● **Exercise goal**
The expected result is a word-for-word copy of the entries, minus any pictures.
■ ■ ■ ■ ■
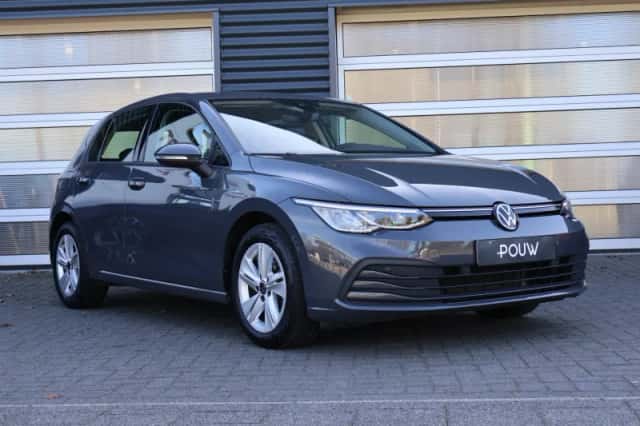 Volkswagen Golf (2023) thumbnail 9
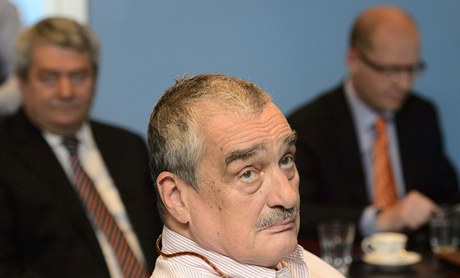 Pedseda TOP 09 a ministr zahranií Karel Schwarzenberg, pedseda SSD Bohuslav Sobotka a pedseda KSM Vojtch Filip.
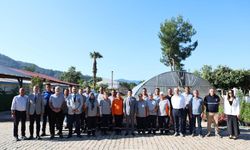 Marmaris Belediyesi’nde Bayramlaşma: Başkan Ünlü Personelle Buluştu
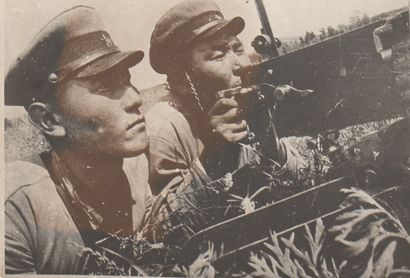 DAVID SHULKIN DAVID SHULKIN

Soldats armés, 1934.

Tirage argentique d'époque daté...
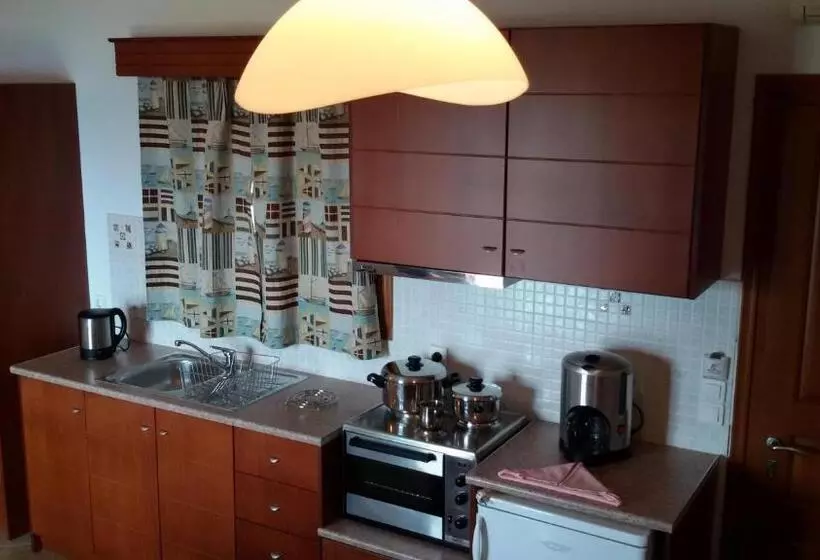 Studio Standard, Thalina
■ ■ ■ ■ ■
● **Solved problem**
 Volkswagen Golf (2023) thumbnail 9
 Pedseda TOP 09 a ministr zahranií Karel Schwarzenberg, pedseda SSD Bohuslav Sobotka a pedseda KSM Vojtch Filip.
 Marmaris Belediyesi’nde Bayramlaşma: Başkan Ünlü Personelle Buluştu
 DAVID SHULKIN DAVID SHULKIN

Soldats armés, 1934.

Tirage argentique d'époque daté...
 Studio Standard, Thalina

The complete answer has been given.